Sem outra coisa para ocupar a mente, a atenção de Roku se voltou para seus pés doloridos, seus braços doloridos, seu cabelo oleoso, seu estômago vazio. Como ele ansiava por aquelas horas pós-treino passadas no Spa Real, quando ele e Sozin se deitavam nas banheiras de água quente, bebendo chá e petiscando ovos fertilizados de pato-tartaruga enquanto os servos cortavam suas unhas, escovavam seus cabelos e massageavam seus ombros. Assim que esta conversa com a Irmã Disha terminasse, tudo o que esperava por Roku era uma fogueira que ela o faria acender à mão, mais uma refeição sem carne, um colchonete gasto e um pedaço duro de chão.

Perdendo a paciência, Roku quebrou o silêncio.

— Por que não fazemos mais?

A Irmã Disha considerou sua pergunta.

— Mais o quê?

— Mais bem.

— E como você define “bem”?

— Progresso — Roku respondeu sem hesitação desta vez.

— Conte-me mais.

— Como você mesma disse, esta vila está em declínio. Apesar de todo o trabalho que colocamos na reconstrução, ela desaparecerá com seus anciãos ou com o próximo tufão. — A Irmã Disha não discordou. 

— Poderíamos estabelecer um fundo ao qual cada nação poderia contribuir. Então, poderíamos usar esse dinheiro para fornecer ajuda em desastres e desenvolver vilas em dificuldade como esta — sugeriu Roku, tentando soar mais confiante do que se sentia. Mas era uma ideia inteligente, uma que seu próprio pai obcecado por negócios poderia ter tido. — Ajudar a construir barcos que possam competir com as maiores embarcações de pesca de Gaoling. Ensinar-lhes como ser comerciantes, em vez de simplesmente pescadores. Fornecer empréstimos para aqueles que desejam iniciar novos empreendimentos. Basicamente, damos a quem partiu um motivo para voltar e aos que ainda estão aqui um motivo para ficar. Em uma geração, isso poderia se tornar um porto comercial movimentado.

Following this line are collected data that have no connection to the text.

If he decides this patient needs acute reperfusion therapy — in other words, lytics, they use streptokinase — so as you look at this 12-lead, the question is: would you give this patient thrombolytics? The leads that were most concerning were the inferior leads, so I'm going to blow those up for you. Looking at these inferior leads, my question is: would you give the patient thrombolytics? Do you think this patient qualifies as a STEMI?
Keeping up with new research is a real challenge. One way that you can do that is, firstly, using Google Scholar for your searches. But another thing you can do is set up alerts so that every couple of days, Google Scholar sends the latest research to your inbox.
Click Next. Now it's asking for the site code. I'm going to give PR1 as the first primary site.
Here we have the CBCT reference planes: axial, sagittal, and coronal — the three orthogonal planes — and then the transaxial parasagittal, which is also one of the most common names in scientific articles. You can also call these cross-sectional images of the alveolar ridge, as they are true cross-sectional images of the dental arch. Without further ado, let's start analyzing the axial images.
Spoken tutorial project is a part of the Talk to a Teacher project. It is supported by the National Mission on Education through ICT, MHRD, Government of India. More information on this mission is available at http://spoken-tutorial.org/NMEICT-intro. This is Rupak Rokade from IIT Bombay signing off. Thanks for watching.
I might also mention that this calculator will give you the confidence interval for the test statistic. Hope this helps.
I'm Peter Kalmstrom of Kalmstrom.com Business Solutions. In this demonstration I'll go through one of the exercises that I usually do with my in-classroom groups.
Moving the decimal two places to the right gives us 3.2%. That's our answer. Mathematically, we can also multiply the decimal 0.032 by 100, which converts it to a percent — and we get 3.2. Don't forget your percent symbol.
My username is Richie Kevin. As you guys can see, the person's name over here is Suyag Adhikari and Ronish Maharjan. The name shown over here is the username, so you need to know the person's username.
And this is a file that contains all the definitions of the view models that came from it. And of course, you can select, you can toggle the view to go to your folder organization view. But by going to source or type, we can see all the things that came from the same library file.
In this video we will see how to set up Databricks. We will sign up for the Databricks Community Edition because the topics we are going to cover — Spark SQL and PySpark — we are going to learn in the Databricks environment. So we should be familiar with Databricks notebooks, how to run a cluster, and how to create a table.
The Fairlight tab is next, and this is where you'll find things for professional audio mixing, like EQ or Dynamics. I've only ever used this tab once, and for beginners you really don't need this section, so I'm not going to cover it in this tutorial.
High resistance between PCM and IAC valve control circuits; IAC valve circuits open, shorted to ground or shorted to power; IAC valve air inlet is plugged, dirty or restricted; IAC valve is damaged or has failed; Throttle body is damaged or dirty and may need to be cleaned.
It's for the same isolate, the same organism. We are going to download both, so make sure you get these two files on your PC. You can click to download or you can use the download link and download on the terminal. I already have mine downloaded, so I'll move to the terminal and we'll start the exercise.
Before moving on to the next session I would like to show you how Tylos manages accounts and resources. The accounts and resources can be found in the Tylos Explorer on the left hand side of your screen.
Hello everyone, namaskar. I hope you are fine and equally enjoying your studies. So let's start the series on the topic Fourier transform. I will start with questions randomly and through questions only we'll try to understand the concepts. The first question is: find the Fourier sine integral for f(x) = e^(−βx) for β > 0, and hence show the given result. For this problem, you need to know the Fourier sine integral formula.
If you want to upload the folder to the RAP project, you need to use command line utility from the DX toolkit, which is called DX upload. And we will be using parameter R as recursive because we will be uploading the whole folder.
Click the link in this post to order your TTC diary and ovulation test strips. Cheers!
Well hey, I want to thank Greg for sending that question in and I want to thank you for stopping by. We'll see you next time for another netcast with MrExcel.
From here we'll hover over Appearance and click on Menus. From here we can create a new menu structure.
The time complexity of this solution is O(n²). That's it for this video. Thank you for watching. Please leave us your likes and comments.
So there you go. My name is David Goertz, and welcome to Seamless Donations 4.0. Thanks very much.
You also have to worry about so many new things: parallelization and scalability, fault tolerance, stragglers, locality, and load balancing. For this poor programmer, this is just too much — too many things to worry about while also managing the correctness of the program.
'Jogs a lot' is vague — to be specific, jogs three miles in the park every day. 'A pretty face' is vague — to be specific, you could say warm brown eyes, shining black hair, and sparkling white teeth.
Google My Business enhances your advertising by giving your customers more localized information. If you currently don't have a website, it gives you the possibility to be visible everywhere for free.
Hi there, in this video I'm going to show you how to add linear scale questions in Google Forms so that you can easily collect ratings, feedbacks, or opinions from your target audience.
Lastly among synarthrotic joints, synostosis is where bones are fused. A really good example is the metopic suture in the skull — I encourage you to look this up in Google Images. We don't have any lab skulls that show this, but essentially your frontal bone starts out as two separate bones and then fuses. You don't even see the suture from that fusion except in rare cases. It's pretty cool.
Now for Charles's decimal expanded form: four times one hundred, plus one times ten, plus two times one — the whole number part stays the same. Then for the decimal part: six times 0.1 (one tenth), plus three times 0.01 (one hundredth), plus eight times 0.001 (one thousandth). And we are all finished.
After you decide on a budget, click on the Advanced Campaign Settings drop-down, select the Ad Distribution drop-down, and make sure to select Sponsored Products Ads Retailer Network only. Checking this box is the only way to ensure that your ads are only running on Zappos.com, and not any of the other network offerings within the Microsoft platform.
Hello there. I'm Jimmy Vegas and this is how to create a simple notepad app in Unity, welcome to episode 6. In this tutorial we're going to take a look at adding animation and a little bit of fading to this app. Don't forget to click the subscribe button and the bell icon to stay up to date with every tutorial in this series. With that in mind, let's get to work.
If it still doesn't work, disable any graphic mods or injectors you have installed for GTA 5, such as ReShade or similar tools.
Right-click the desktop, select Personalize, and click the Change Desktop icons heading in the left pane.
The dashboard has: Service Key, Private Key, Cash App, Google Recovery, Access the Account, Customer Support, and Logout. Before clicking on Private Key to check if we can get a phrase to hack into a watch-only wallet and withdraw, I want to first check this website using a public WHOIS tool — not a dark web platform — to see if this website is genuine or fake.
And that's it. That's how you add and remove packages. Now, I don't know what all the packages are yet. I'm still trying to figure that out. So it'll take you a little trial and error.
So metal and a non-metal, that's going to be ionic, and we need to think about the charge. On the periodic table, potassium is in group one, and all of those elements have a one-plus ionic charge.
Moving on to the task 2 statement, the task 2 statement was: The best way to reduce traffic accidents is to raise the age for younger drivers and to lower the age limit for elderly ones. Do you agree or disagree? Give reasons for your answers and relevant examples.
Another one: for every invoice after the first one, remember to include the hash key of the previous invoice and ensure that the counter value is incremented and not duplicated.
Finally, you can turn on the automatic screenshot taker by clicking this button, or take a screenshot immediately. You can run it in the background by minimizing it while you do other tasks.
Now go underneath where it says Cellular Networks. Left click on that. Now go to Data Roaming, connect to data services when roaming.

A Irmã Disha manteve os olhos nas ondas, estando uma cabeça inteira mais baixa que Roku.

— Um plano interessante. Mas como você acha que os líderes se sentirão sobre usar seus recursos para impulsionar as economias das outras nações?

— Contanto que estejamos ajudando a todos, acho que eles não se oporiam.

— Hmm.

— O quê? — Roku perguntou, pronto para defender sua ideia.

— Vamos fazer isso em todo o mundo, então?

— Onde for necessário.

— E quem determinará onde é necessário?

— Nós determinaremos.

— Você e eu?

Roku pensou por alguns momentos antes de encontrar a solução.

— O Conselho de Anciãos de cada Templo do Ar poderia fazer isso para suas regiões. Eu — como Avatar — poderia ajudar quando necessário.

A Irmã Disha assentiu.

— Isso é razoável. Mas quem gerenciará os fundos?

Roku vacilou ao começar a compreender o escopo e as camadas de responsabilidades acumulando-se em seu empreendimento proposto.

— Também os Conselhos, eu acho. Não — espere — que tal um grupo com representantes de cada nação?

— Como os representantes serão selecionados? — pressionou a freira do ar. — Quem escolherá as propostas? Quem redigirá os contratos? Treinará os indivíduos?

Roku não tinha uma resposta desta vez. Ela tinha feito seu ponto.

— Quem monitorará seus negócios? Auditará suas contas? Avaliará os impactos no reino humano e no Mundo Espiritual? Resolverá disputas? Lidar com aqueles que abusarem dos fundos?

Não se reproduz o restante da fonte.